# Getting the most out of what we've learned

So, now you know Python and NLTK! The main things we still have to do are:

1. Address some specific questions
2. Manage resources and results
3. Brainstorm some other uses for NLTK
4. Integrate IPython into your existing workflow
5. Have an open discussion about what we've done
6. Summarise and say goodbye!

This lesson is pretty light on content and structure. Please do jump in at any point, and tell us about your research, and whether or not what you've learned here will be of much use.

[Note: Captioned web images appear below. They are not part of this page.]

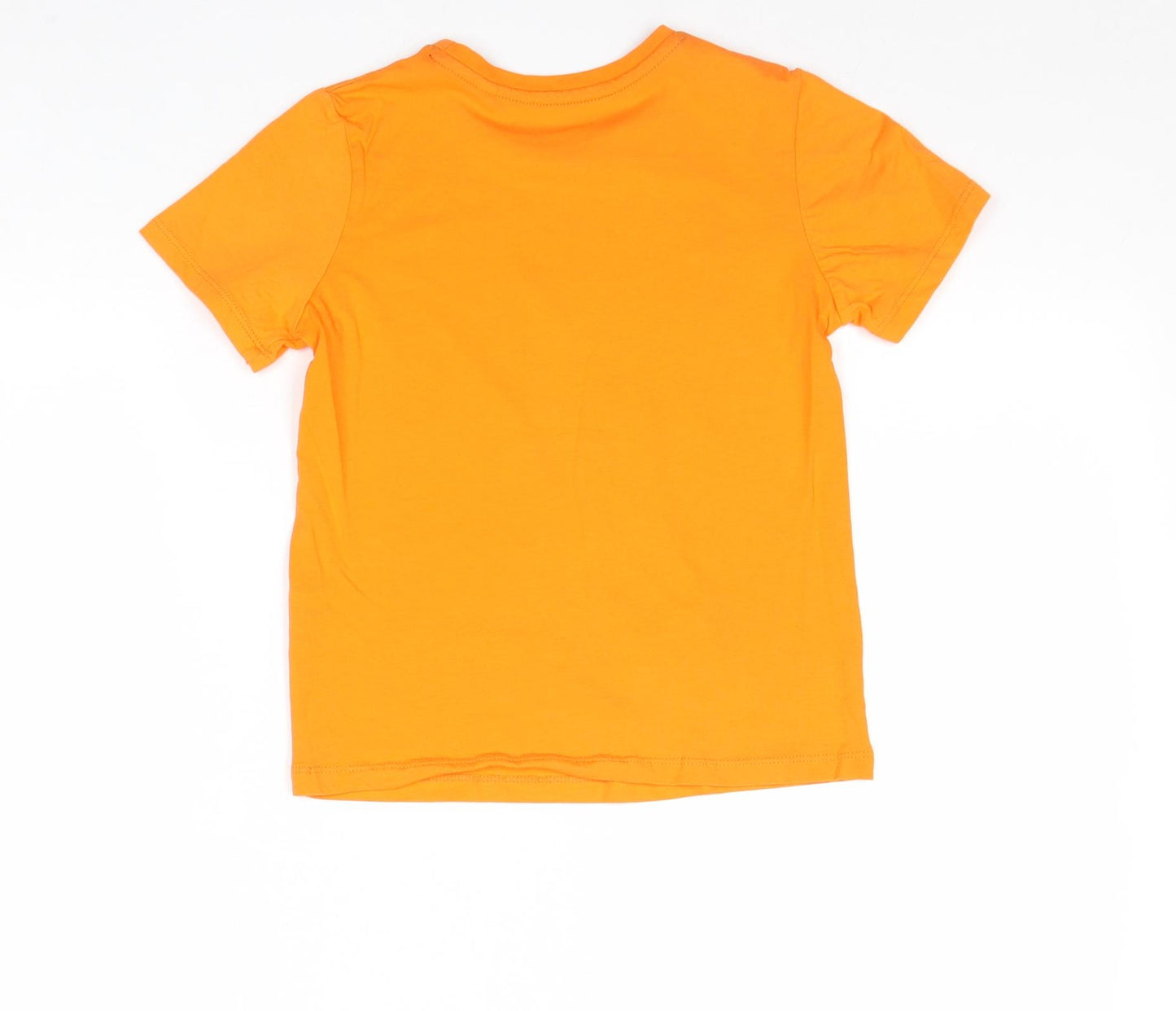 Palomino Boys Orange 100% Cotton Pullover T-Shirt Size 7 Years Round Neck Pullover - Digger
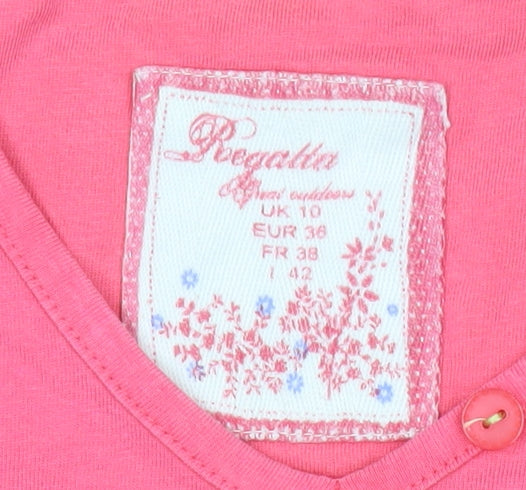 Regatta Womens Pink Floral Cotton V-Neck T-Shirt Size 10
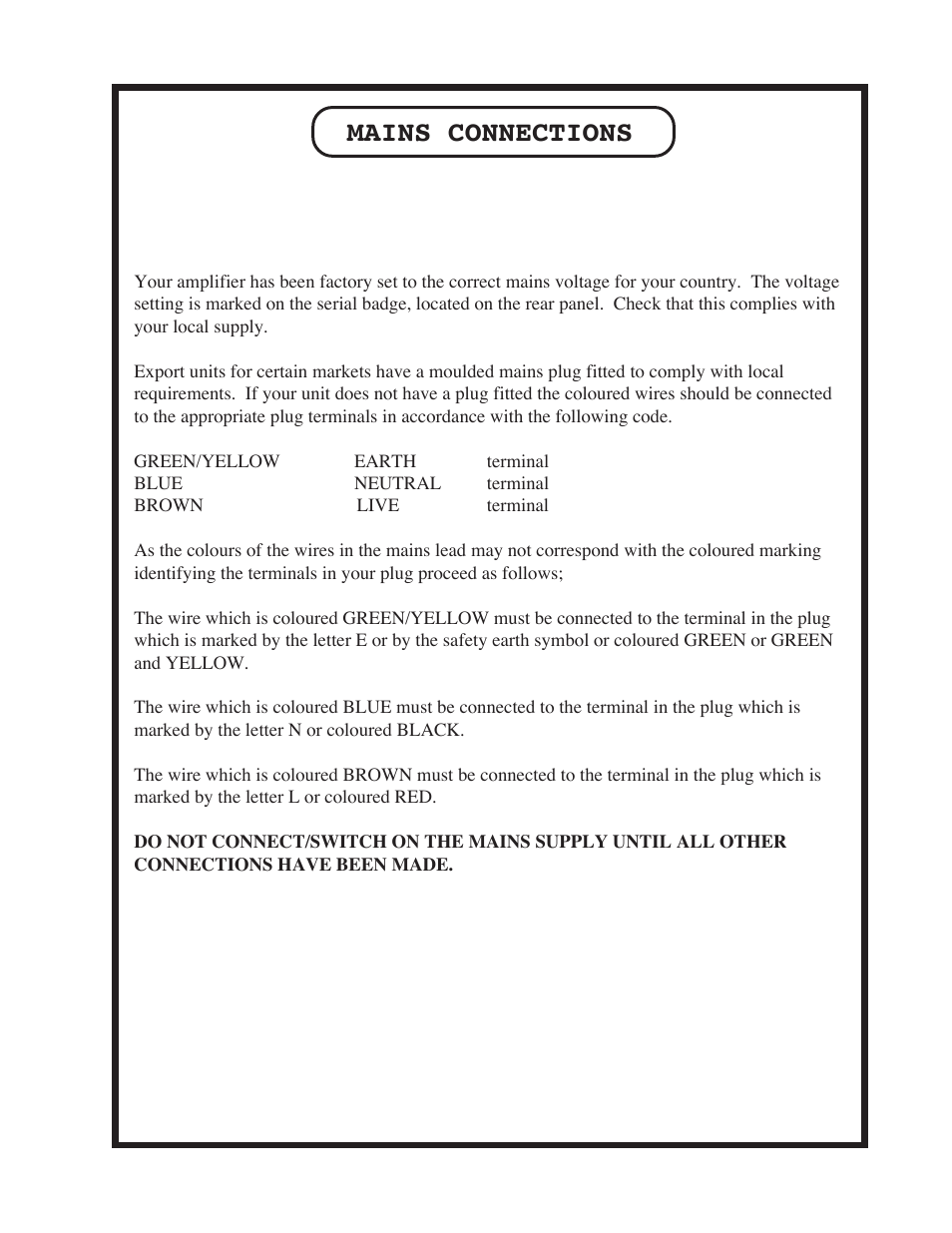 Mains connections | Manley NEO-CLASSIC SE / PP 300B AMPLIFIER User Manual | Page 5 / 12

Or, ask us if Python can do a certain thing. Maybe we have some tips!

In [None]:
from __future__ import print_function, division
import nltk
import os
from urllib.request import urlopen
% matplotlib inline

### Using Beautiful Soup to read text from the web
Of course, a lot of the text you're going to want to work with won't be in handy text files already. That's where a Python library called Beautiful Soup comes in.

In [None]:
!pip install beautifulsoup4

In [None]:
from bs4 import BeautifulSoup

In [None]:
import urllib
from urllib.request import urlopen

In [None]:
url = "http://en.wikipedia.org/wiki/Smog"

In [None]:
raw = urlopen(url).read()
print(type(raw))
print(raw[100:200])

Beautiful Soup breaks the single long string into its constituent parts, creating an object 'Beautiful Soup'

In [None]:
soup = BeautifulSoup(raw, 'html.parser')
print(type(soup))

Find all the paragraphs, and put them into a list

In [None]:
texts = []
for para in soup.find_all('p'):
    text = para.text
    texts.append(text)
print(texts[:10])

In [None]:
import re
regex = re.compile('\[[0-9]*\]')
joined_texts = '\n'.join(texts)
joined_texts = re.sub(regex, '', joined_texts)
print(type(joined_texts))
print(joined_texts[:100])

In order to work on the text, the first step is to tokenise it into words.

In [None]:
import nltk
wordlist = nltk.word_tokenize(joined_texts)
wordlist[:8]

For some other types of analysis, we'll need to create an NLTK text object

In [None]:
good_text = nltk.Text(wordlist)
good_text.concordance('smog')

And once we've done all that work creating clean text, it's a good idea to save it for later.

In [None]:
%cd
! mkdir smog
%cd smog

In [None]:
NLTK_file = open("NLTK-Smog.txt", "w", encoding='UTF-8')
NLTK_file.write(str(wordlist))
NLTK_file.close()

In [None]:
text_file = open("Smog-text.txt", "w", encoding='UTF-8')
text_file.write(joined_texts)
text_file.close()

In [None]:
joined_texts[2450:2470]

In [None]:
#joined_texts[2450:2470]
text_file = open("Smog-text.txt", "w", encoding='UTF-8')
text_file.write(joined_texts)
text_file.close()

### Challenge!
* Find a webpage of interest to your studies and use Beautiful Soup to extract the text
* Tokenise the text
* Find the most common words in your text (Extension: remove the stop words)
* Find trigrams in your text 
* Save your text to a text file

### PDF


In [None]:
import os

In [None]:
if not os.path.exists('1984.pdf'):
    !wget "http://www.planetebook.com/ebooks/1984.pdf"

In [None]:
!pip install pypdf2

In [None]:
from PyPDF2 import PdfFileWriter, PdfFileReader

In [None]:
pdf = PdfFileReader(open('1984.pdf', "rb"))
book_text = ''
#for page in range(len(pdf.pages)):
for page in range(10):
    temppage = pdf.getPage(page)
    book_text += temppage.extractText()